No contexto referido, não compreendo a necessidade de independência da Catalunha na medida em que é conveniente a Portugal e à União Europeia a unidade da Espanha, aliás, só vagamente contestada no século XX pelo País Basco e, agora, por alguns catalães.

 

Assim, julgo, a problemática espanhola, podendo ser vista pelas “razões do coração”, tem de ser olhada segundo as razões de Estado, o mesmo é dizer, com cálculo, ponderação e, até algum cinismo. E vejamos o motivo.

 

Uma Espanha dividida entre a “herança franquista”, o nacionalismo catalão e o calor de uma refrega social, como resultado de uma economia em desequilíbrio, vai, certamente, querer procurar “equilíbrio”, de alguma forma, em especial se o independentismo da Catalunha vencer.
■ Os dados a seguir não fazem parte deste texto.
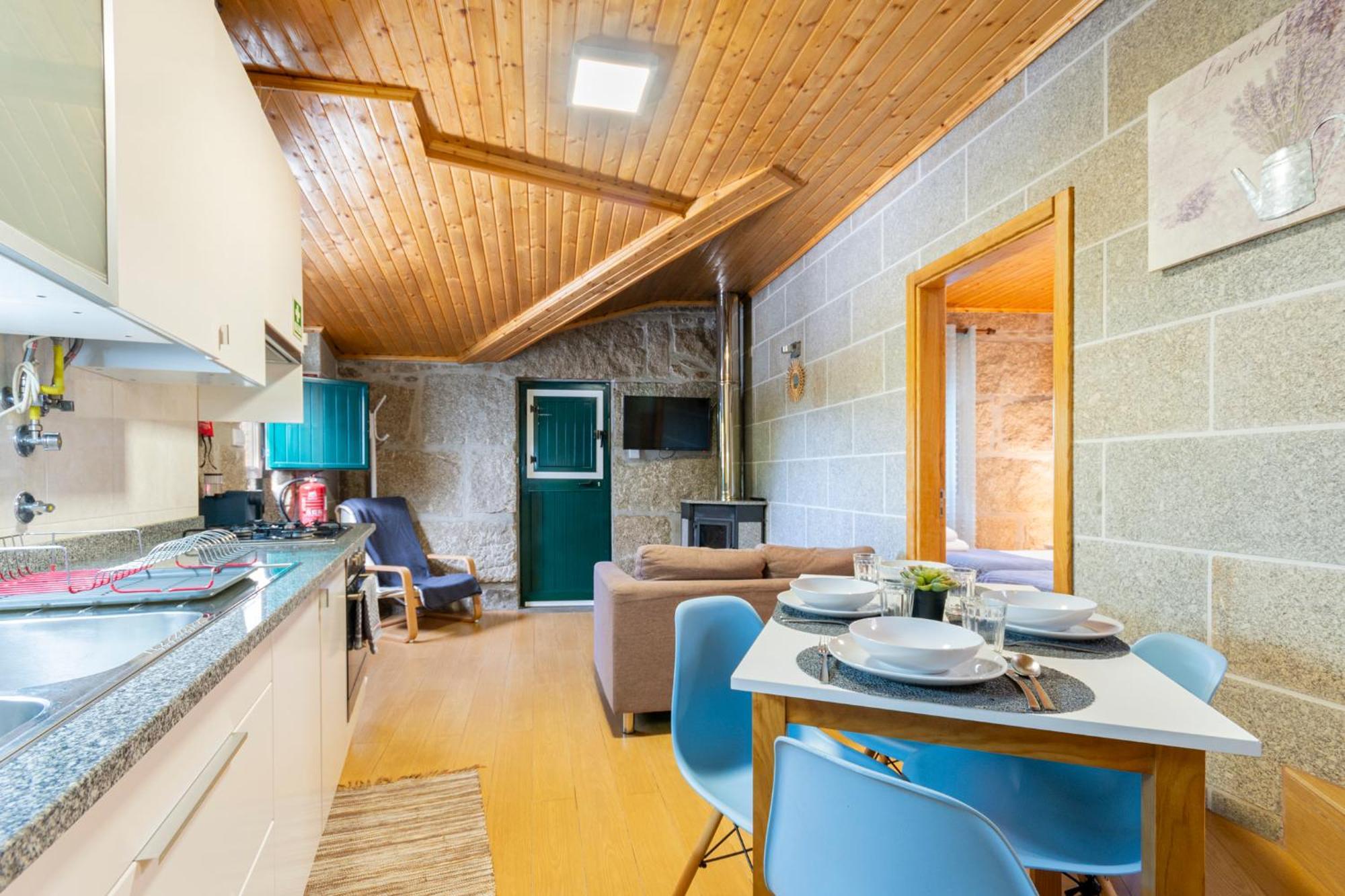 Casa Rustica T2 Com Salamandra E Cozinha - Seia - Serra Da Estrela - Casa Do Loureiro II Εξωτερικό φωτογραφία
E tal “compensação” pode virar-se para Portugal.

Se é certo que, penso, já não será de admitir a acção bélica conquistadora, que ainda nos anos 40 do século passado se afirmou activa, podemos admitir a “conquista” mais “suave” e “doce”, através de acções estratégicas de natureza geopolítica e geoeconómica capazes de, aparentemente independentes e autónomos, nos colocar na dependência das decisões de Madrid, e tudo isto já sem a “capa protectora” da Grã-Bretanha e sujeitos à liberdade de circulação de pessoas e bens imposta no espaço europeu. Dito de outra maneira, a Espanha ainda é capaz de movimentar capitais, pessoas e interesses que, com toda a impunidade, nos fazem “dançar” de acordo com a “música” tocada em Castela (atente-se no que se passa nas terras irrigadas pela barragem do Alqueva).

 

Apoiar os independentistas catalães até pode ser um desejo do coração, mas devemos deixar impor a lógica das razões de Estado, e essas apontam para a “um assobiar para o lado” da nossa parte.